#### What the task asks
Please transcribe exactly, and only, the lines of the data below between the line holding "Camsoda Adult Webcams of sweetlilyxo" and the line holding "7663 Schmid Cr NW, Edmonton, AB T6R 0K7", inclusive.

#### Data shown
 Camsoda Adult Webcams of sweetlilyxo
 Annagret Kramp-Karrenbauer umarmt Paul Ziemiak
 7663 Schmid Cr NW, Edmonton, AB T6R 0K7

--

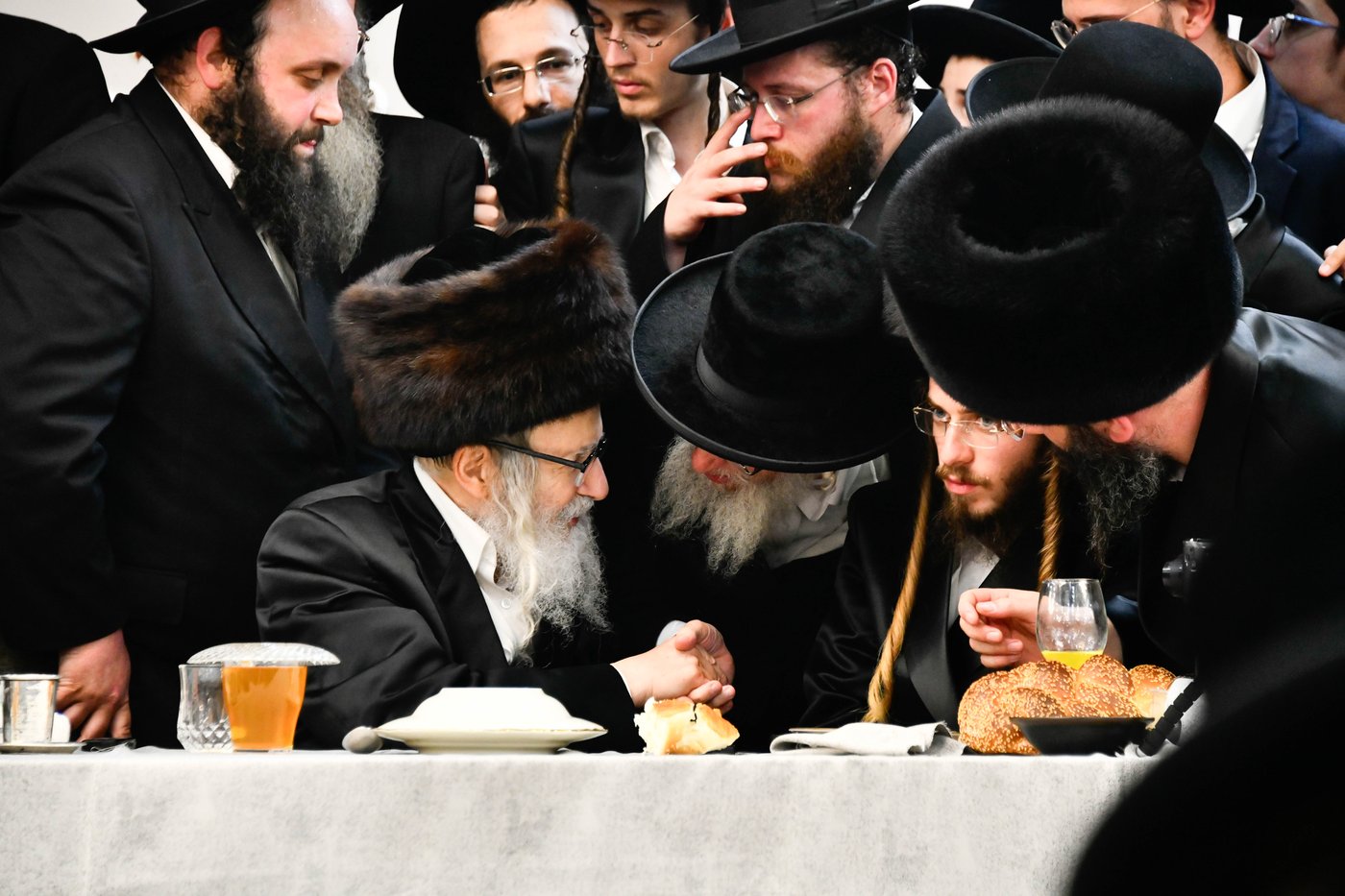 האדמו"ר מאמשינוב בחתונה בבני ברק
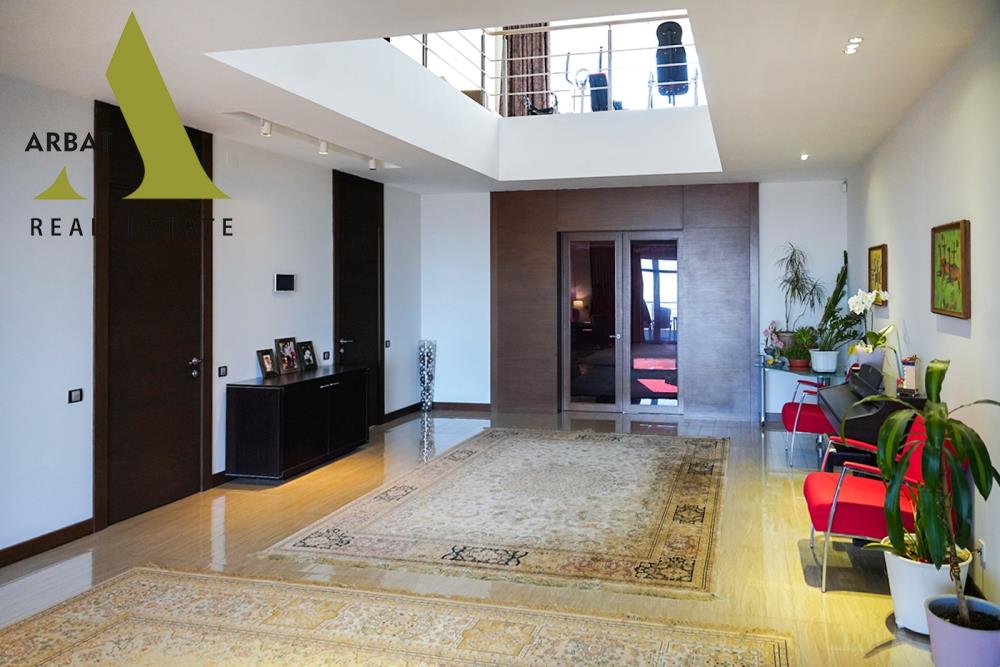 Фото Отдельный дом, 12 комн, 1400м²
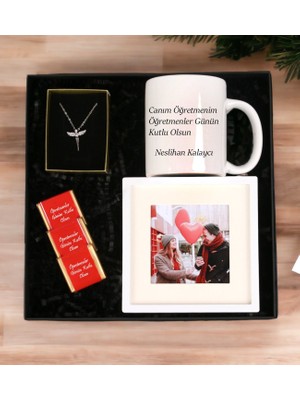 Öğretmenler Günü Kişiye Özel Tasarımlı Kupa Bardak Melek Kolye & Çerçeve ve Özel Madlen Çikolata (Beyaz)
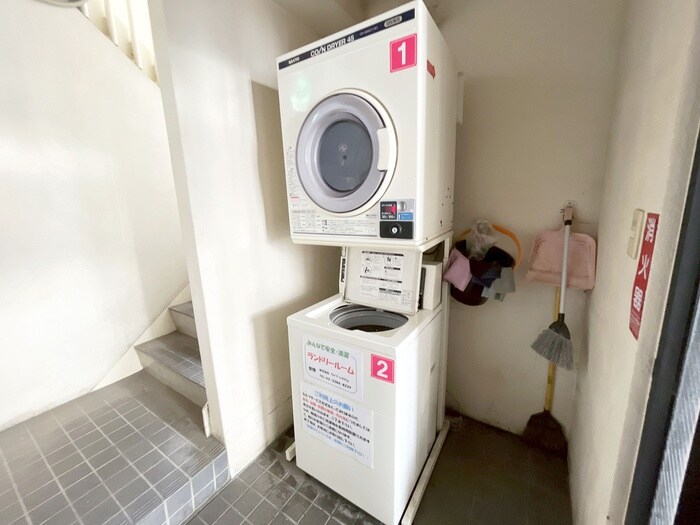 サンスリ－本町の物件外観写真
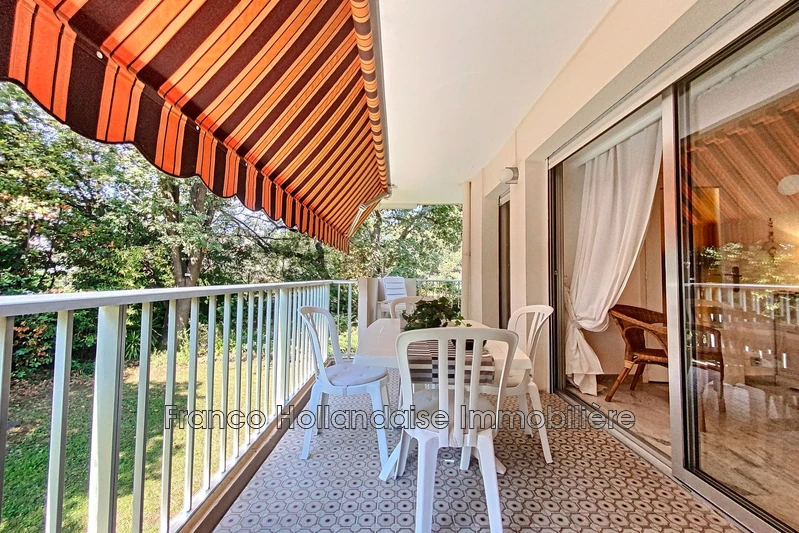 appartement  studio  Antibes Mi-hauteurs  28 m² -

#### Task answer
 Camsoda Adult Webcams of sweetlilyxo
 Annagret Kramp-Karrenbauer umarmt Paul Ziemiak
 7663 Schmid Cr NW, Edmonton, AB T6R 0K7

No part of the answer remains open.